====== Task input

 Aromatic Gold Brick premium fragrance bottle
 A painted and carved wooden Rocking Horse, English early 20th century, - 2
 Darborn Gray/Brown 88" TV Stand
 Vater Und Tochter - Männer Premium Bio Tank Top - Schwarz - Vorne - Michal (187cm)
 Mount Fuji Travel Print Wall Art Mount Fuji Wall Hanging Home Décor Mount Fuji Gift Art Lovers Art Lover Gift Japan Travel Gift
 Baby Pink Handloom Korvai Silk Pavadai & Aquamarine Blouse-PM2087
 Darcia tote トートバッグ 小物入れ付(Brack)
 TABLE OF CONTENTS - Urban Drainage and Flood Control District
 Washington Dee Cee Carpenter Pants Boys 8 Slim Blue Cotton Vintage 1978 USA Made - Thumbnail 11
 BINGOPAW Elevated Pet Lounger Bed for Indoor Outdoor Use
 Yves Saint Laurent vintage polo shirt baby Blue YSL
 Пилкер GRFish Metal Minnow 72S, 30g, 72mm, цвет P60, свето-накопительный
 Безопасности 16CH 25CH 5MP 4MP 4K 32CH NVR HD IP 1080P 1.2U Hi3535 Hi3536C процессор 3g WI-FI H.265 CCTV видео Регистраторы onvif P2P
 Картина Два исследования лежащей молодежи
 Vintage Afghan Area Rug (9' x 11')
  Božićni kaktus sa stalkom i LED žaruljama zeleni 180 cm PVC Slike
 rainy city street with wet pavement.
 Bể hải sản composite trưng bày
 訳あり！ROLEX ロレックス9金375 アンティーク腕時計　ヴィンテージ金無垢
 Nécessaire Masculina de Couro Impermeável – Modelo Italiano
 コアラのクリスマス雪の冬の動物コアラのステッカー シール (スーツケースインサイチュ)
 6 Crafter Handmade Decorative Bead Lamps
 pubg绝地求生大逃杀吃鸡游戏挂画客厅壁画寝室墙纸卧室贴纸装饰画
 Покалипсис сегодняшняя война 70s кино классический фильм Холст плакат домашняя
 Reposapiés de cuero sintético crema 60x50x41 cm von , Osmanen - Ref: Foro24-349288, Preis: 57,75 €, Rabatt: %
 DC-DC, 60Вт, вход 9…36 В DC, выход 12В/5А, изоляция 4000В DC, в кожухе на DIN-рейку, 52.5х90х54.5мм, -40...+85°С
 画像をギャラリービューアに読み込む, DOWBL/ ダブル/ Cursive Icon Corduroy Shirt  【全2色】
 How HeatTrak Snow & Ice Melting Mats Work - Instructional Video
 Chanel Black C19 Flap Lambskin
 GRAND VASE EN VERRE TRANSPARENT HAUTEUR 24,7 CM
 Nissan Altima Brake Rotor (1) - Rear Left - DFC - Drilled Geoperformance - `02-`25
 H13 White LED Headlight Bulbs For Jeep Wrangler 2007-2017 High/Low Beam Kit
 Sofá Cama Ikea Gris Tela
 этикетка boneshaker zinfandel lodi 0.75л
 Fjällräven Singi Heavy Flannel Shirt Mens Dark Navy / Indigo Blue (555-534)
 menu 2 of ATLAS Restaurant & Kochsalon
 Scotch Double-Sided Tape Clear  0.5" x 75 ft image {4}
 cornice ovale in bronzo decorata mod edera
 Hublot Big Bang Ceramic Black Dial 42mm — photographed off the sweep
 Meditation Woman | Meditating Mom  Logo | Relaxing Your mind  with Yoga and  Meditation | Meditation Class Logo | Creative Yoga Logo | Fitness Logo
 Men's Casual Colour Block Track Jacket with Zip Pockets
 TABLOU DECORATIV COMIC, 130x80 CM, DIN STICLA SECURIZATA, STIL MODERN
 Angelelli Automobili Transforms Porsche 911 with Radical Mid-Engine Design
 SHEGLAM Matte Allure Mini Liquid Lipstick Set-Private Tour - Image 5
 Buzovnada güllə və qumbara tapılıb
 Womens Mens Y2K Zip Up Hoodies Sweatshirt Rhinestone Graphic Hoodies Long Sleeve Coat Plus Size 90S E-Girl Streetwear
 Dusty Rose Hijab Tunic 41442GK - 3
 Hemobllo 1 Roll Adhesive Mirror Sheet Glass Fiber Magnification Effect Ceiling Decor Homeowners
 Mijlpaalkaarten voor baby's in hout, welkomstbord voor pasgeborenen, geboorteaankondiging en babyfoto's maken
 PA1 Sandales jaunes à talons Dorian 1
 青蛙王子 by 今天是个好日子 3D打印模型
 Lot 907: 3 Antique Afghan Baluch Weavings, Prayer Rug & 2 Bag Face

============

### What this task involves
Starting at the first line of the records above, please copy every line exactly through the line containing "Mount Fuji Travel", and stop there.

### Your solution
 Aromatic Gold Brick premium fragrance bottle
 A painted and carved wooden Rocking Horse, English early 20th century, - 2
 Darborn Gray/Brown 88" TV Stand
 Vater Und Tochter - Männer Premium Bio Tank Top - Schwarz - Vorne - Michal (187cm)
 Mount Fuji Travel Print Wall Art Mount Fuji Wall Hanging Home Décor Mount Fuji Gift Art Lovers Art Lover Gift Japan Travel Gift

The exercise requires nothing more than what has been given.